Now, lets build a function that will help us compute the output y, based on model wx + b

def compute_model_output(w, x, b):
    # print(f"w: {w}, x: {x}, b: {b}")
    model_output = w*x + b
    return model_output

Let's assume that our input x is 2. Our learned parameters are w=10, b=5. Thus our output should be 10\2 + 5*, which is 25. Let's verify:

compute_model_output(w=10, x=2, b=5)

25

As you can guess, as we have y = [105, 205]. when we're done, we'd like to have w=10, and b=5. Let's see how we can arrive at these values!

That's correct! This means our codified model in Python is returning the expected the values. Feel free to try here with your own examples here.

Part 3: The Cost Function

Now, as explained the blog post, we need a way to measure the performance of our learned model.

i.e. we need a way to measure if our model is producing realistic values.

def compute_cost(y_pred, y, m):
    # y_pred = shape:  (1, m), contains the predicted values by the Model
    # y = shape: (1, m), contains the ground truth (in our case, 105, 205)

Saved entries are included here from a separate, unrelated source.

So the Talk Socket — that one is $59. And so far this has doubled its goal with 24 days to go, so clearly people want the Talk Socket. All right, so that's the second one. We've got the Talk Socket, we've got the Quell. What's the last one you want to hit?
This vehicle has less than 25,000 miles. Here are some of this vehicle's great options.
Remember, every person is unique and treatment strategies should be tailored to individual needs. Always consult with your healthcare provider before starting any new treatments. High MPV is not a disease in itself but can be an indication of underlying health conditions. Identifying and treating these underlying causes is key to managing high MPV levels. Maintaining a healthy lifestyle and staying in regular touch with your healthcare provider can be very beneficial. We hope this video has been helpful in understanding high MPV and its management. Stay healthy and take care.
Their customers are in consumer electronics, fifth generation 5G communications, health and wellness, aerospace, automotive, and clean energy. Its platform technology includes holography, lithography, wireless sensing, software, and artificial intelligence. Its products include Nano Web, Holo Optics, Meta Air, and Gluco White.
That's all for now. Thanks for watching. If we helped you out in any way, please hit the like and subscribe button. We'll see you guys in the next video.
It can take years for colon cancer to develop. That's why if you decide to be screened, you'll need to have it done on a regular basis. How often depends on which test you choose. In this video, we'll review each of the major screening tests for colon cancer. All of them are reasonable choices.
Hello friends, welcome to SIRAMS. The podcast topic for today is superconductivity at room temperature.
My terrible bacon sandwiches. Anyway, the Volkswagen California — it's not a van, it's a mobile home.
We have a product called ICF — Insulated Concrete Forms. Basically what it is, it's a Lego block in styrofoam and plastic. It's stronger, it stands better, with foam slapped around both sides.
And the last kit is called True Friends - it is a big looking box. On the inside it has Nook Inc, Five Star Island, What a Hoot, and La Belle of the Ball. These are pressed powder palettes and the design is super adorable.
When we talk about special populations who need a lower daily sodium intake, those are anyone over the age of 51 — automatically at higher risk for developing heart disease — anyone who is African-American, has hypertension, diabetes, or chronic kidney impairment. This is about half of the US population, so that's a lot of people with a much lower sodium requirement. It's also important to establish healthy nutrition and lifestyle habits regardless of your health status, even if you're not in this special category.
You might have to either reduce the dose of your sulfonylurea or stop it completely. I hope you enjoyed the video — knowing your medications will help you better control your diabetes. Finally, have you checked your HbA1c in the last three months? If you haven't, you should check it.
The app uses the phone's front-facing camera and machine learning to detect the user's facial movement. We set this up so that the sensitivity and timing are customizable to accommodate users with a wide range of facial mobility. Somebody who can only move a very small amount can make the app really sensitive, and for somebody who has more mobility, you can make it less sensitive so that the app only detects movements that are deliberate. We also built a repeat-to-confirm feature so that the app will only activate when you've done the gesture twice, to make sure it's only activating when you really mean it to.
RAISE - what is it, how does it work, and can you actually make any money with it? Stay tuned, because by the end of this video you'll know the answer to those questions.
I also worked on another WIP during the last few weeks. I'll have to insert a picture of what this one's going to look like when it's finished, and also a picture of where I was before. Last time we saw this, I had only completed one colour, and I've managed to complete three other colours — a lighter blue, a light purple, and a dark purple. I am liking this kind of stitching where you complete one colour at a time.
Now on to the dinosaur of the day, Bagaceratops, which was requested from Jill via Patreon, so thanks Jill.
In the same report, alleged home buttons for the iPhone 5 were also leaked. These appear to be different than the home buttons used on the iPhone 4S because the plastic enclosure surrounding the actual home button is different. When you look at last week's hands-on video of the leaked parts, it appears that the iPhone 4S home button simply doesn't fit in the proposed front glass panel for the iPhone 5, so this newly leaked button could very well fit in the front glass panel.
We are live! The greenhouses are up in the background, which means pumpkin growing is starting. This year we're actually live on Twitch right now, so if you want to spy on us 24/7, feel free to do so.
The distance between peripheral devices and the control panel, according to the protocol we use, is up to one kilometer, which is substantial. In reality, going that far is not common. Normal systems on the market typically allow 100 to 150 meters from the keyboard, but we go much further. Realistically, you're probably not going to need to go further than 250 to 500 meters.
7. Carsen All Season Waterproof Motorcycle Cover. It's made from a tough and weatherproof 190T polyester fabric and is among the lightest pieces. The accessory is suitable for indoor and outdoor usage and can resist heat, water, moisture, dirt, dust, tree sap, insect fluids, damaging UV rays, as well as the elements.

    cost_per_datapoint = (y_pred - y)**2 # this variable contains the cost per datapoint
    total_cost = sum(cost_per_datapoint)/(2*m)
    return total_cost

Part 4: The Optimization Algorithm 

def gradient_decent(iterations, w, x, b, y, alpha):
    """
    returns the learned parameters w, b and list of cost per iteration
    """
    m = len(x)
    all_costs = []
    for i in range(iterations):
        
        model_prediction = compute_model_output(w, x, b)
        cost = compute_cost(y_pred=model_prediction, y=y, m=m)
        dw,db = compute_gradients(model_prediction, y, x, m)
        w, b = update_parameters(w, b, dw, db, alpha)
        all_costs.append(cost)
        print_at = iterations/10
        if i%print_at == 0: # only print 10 progress costs
            print(f"Iteration # {i}, cost: {cost}")
    return w, b, all_costs

def compute_gradients(y_pred, y, x, m):
    diff_per_example = (y_pred - y)/m
    dj_dw = diff_per_example*x
    dj_db = diff_per_example
    return dj_dw, dj_db

def update_parameters(w, b, dw, db, alpha):
    w = w - alpha*sum(dw)
    b = b - alpha*sum(db)
    return w, b

Now that we have all the componenets, let's train our model using our data!

w_init = 10
b_init = 3
iterations = 1000
alpha = 0.0001
w, b, all_costs = gradient_decent(iterations, w_init, x_train, b_init, y_train, alpha)

Iteration # 0, cost: 2.0
Iteration # 100, cost: 0.2093535825341508
Iteration # 200, cost: 0.19784645051025793
Iteration # 300, cost: 0.19738372726634273
Iteration # 400, cost: 0.19699033884724906
Iteration # 500, cost: 0.19659815826785115
Iteration # 600, cost: 0.19620676109658386
Iteration # 700, cost: 0.19581614315416213
Iteration # 800, cost: 0.19542630287300639
Iteration # 900, cost: 0.19503723870480114

print(f"Learned parameters: w: {w}, b: {b}, Expected parameters: w: {10}, b: {5}")

Learned parameters: w: 10.118430918661392, b: 3.026938061811292, Expected parameters: w: 10, b: 5

And.. congratulations!, you have now built the linear regression machine learning model from scratch!!